• [Dataset records]
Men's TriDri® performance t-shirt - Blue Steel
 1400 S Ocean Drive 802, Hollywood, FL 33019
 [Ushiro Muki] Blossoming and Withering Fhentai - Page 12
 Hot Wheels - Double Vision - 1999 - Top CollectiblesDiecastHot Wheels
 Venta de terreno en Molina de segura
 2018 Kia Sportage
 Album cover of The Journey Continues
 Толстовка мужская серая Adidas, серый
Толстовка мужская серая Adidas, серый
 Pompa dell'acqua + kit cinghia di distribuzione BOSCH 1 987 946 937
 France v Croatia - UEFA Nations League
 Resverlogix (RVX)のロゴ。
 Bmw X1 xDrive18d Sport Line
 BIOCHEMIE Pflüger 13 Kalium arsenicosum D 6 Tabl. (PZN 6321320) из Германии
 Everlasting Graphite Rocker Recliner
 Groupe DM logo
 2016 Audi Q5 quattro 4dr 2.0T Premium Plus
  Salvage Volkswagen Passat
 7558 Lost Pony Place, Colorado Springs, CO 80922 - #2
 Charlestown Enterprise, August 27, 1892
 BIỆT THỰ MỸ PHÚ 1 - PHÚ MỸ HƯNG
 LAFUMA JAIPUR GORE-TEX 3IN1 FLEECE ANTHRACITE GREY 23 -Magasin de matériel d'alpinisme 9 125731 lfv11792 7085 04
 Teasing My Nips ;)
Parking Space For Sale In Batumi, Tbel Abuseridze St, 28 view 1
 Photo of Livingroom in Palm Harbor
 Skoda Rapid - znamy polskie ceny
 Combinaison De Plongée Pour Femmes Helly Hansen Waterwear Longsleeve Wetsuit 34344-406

• [What you will do]
Print the material exactly. Include every line.

• [Output]
Men's TriDri® performance t-shirt - Blue Steel
 1400 S Ocean Drive 802, Hollywood, FL 33019
 [Ushiro Muki] Blossoming and Withering Fhentai - Page 12
 Hot Wheels - Double Vision - 1999 - Top CollectiblesDiecastHot Wheels
 Venta de terreno en Molina de segura
 2018 Kia Sportage
 Album cover of The Journey Continues
 Толстовка мужская серая Adidas, серый
Толстовка мужская серая Adidas, серый
 Pompa dell'acqua + kit cinghia di distribuzione BOSCH 1 987 946 937
 France v Croatia - UEFA Nations League
 Resverlogix (RVX)のロゴ。
 Bmw X1 xDrive18d Sport Line
 BIOCHEMIE Pflüger 13 Kalium arsenicosum D 6 Tabl. (PZN 6321320) из Германии
 Everlasting Graphite Rocker Recliner
 Groupe DM logo
 2016 Audi Q5 quattro 4dr 2.0T Premium Plus
  Salvage Volkswagen Passat
 7558 Lost Pony Place, Colorado Springs, CO 80922 - #2
 Charlestown Enterprise, August 27, 1892
 BIỆT THỰ MỸ PHÚ 1 - PHÚ MỸ HƯNG
 LAFUMA JAIPUR GORE-TEX 3IN1 FLEECE ANTHRACITE GREY 23 -Magasin de matériel d'alpinisme 9 125731 lfv11792 7085 04
 Teasing My Nips ;)
Parking Space For Sale In Batumi, Tbel Abuseridze St, 28 view 1
 Photo of Livingroom in Palm Harbor
 Skoda Rapid - znamy polskie ceny
 Combinaison De Plongée Pour Femmes Helly Hansen Waterwear Longsleeve Wetsuit 34344-406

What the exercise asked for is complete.